Recorded information:
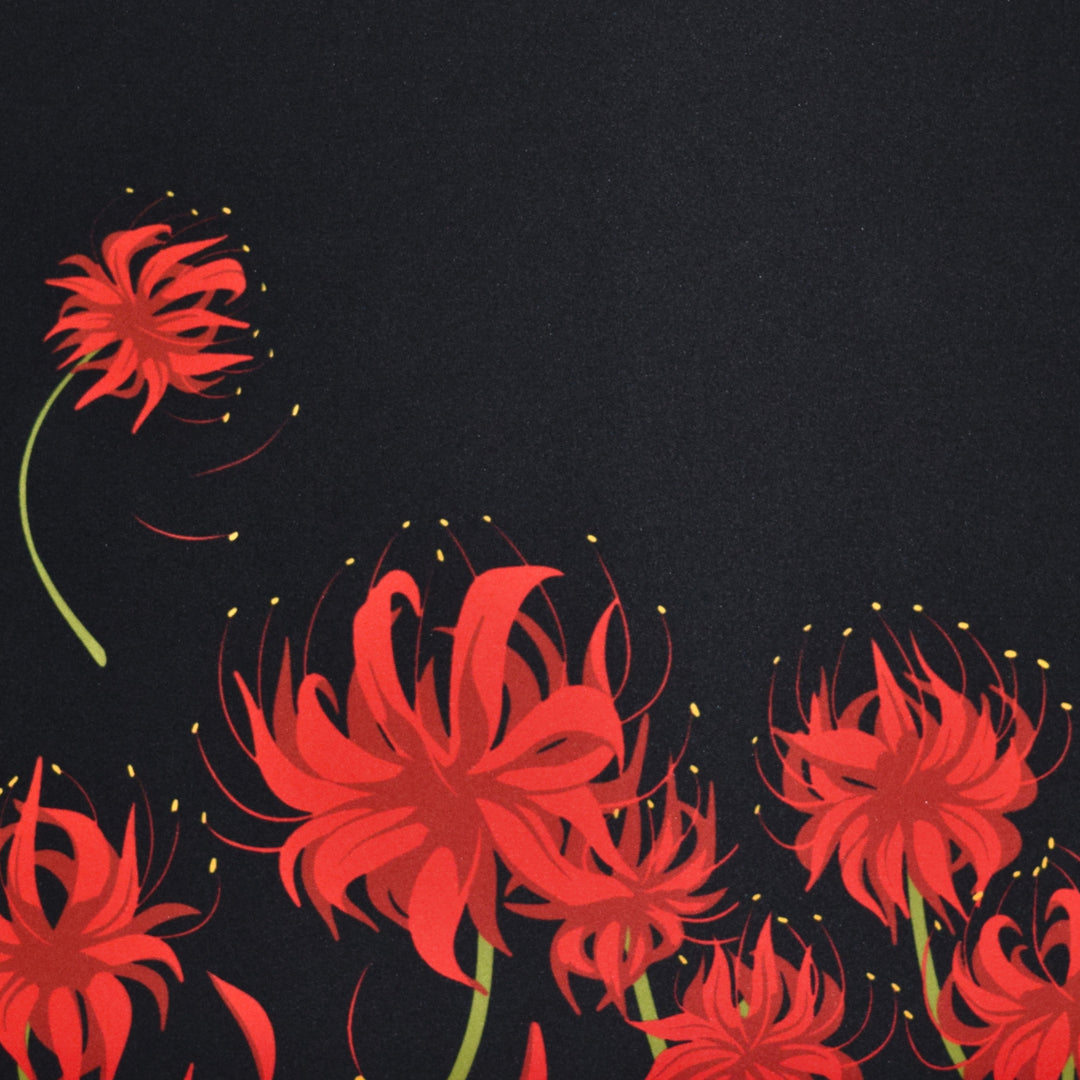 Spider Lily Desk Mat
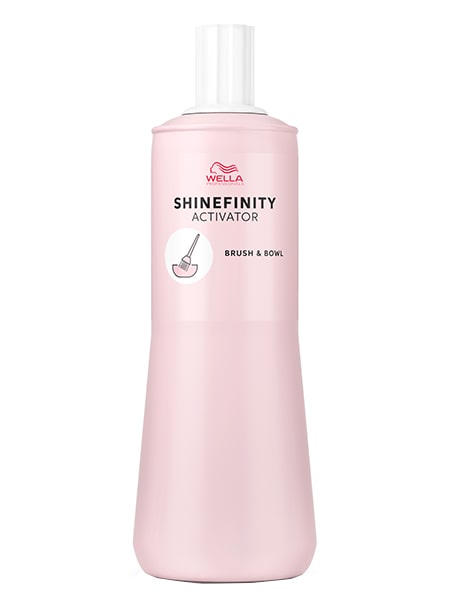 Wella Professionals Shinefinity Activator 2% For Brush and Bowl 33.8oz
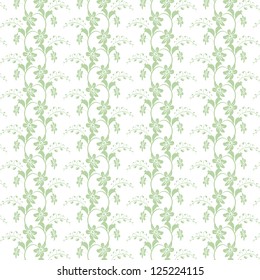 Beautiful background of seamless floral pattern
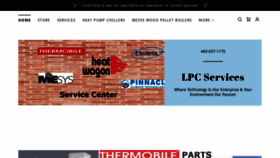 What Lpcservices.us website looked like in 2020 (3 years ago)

Description of the task: Transcribe all of the data above exactly; no picture belongs in the copy.

Exercise solution:
 Spider Lily Desk Mat
 Wella Professionals Shinefinity Activator 2% For Brush and Bowl 33.8oz
 Beautiful background of seamless floral pattern
 What Lpcservices.us website looked like in 2020 (3 years ago)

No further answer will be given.